A Bangalore Court on Wednesday rejected the bail application filed by Amulya Leona Noronha, who was arrested in February on sedition charges for allegedly raising pro-Pakistan slogans at an anti-CAA protest.
The court denied bail to Amulya on the ground that the investigation was not complete, and if granted bail, she may abscond. This may make it difficult to proceed with the investigation, the court held. The order passed by LX Additional City Civil & Sessions Judge Vidyadhar Shirahatti read,
“The I.O. has not completed the investigation and has not filed the charge sheet. If the petitioner is released on bail, she may abscond or she may involve in similar offence which affect the peace at large.”
The petitioner Advocate B T Venkatesh argued that Amulya had not committed any offence as alleged by the police. He submitted that she did not have any intention or mens rea to commit the alleged offence, which is an essential element under Section 124A of the Indian Penal Code, which deals with sedition.
Amulya was arrested on February 20 this year, under Sections 124-A, 153 (A), 153-B, 505 (2) of the Indian Penal Code (IPC). After being in police custody for five days, she was subsequently sent to judicial custody and has been in prison since.
It was also submitted that Amulya, a 19-year-old girl student who was yet to appear for her college examinations, ought to be granted bail. If granted bail, she was ready to abide by all the conditions imposed by the court.
He also stated that Pakistan is not declared as an enemy country. If at all the petitioner raises slogans like ‘Pakisthan Zindabad’ , it does not amount to any offence, Venkatesh argued.
The court went on to reject the arguments of the petitioner on the grounds that the police had not filed the chargesheet.
“In the present case, this court has not recorded any evidence and has not received a charge sheet. Even, the I.O. has not filed the challan or charge sheet. Therefore, it is very difficult to look into the materials in respect to the petitioner having Mens rea or not.”

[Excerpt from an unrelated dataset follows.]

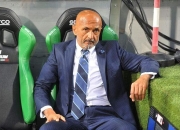 蜂鸟电竞-西亚卡姆新星绝杀表现惊艳，加拿大队未来可期！的简单介绍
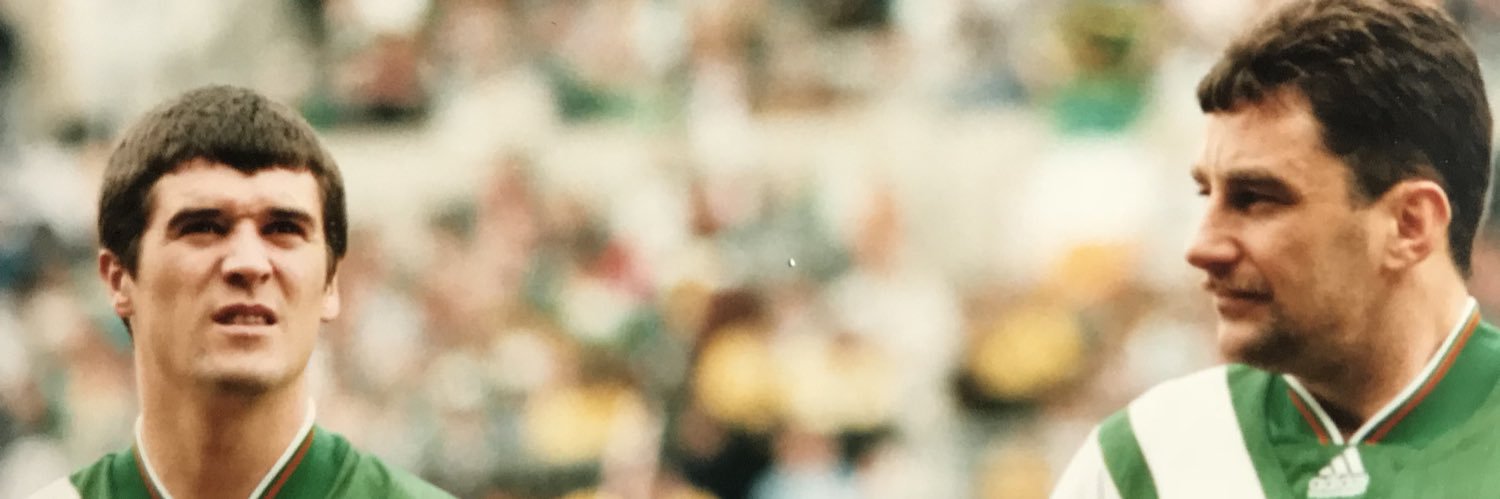 optimum_sports's profile banner image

Responding to the petitioner’s argument that Pakistan is not declared as an enemy country, the court opined that,
“It is my opinion that there are no materials to show that Pakistan is or not an enemy country. But the slogans which are alleged to have been used by the petitioner will certainly affect the feelings of public, law order and public peace.”
With these observations, the court went on to reject Amulya’s bail application.